**DATA TO PROCESS**
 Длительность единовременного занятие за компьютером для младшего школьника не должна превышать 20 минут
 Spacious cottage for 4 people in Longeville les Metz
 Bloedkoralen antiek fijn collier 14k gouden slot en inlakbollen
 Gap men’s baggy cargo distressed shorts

==

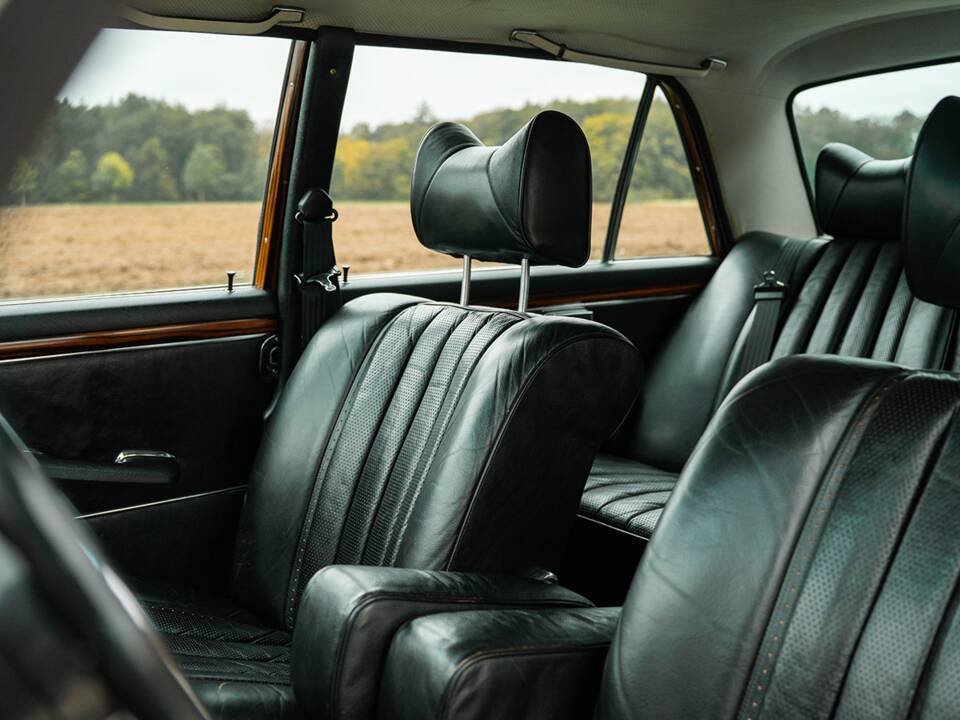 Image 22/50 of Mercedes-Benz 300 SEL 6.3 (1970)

---

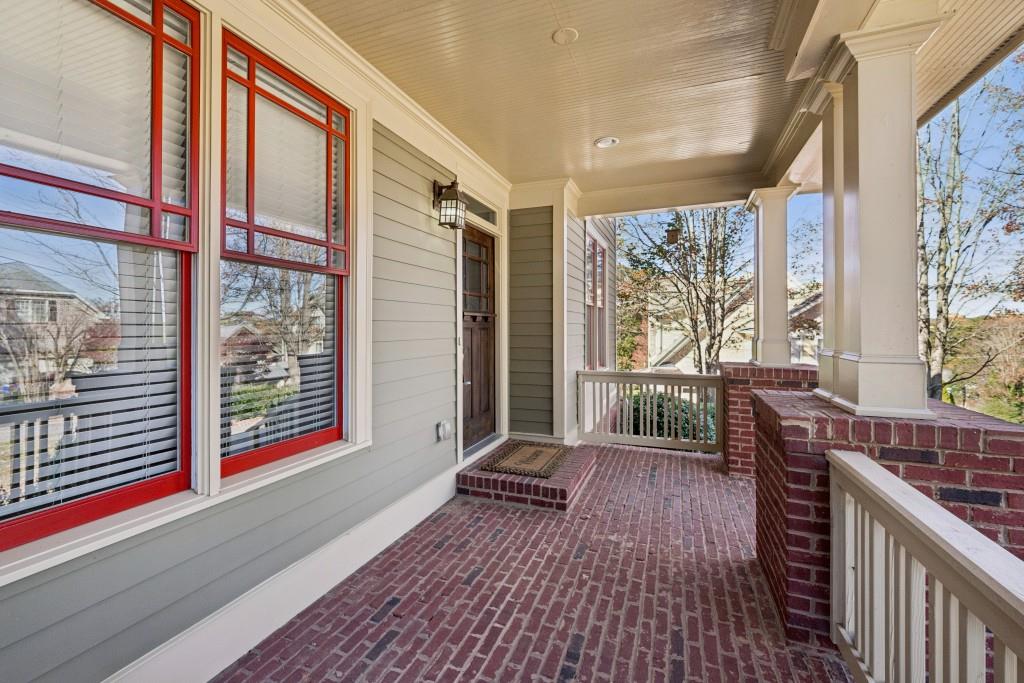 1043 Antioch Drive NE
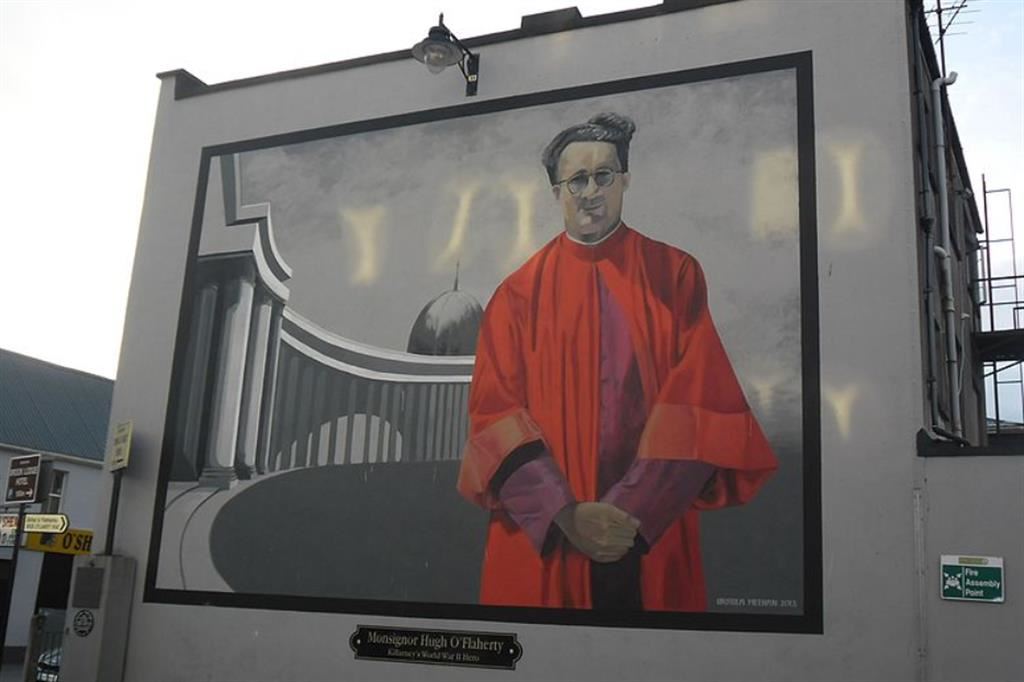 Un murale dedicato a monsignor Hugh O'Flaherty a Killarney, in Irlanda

**YOUR TASK**
Set down precisely the lines above between the line holding "Bloedkoralen antiek fijn" and the line holding "Gap men’s baggy cargo distressed shorts", inclusive, and nothing beyond them.

**WRITTEN RESPONSE**
 Bloedkoralen antiek fijn collier 14k gouden slot en inlakbollen
 Gap men’s baggy cargo distressed shorts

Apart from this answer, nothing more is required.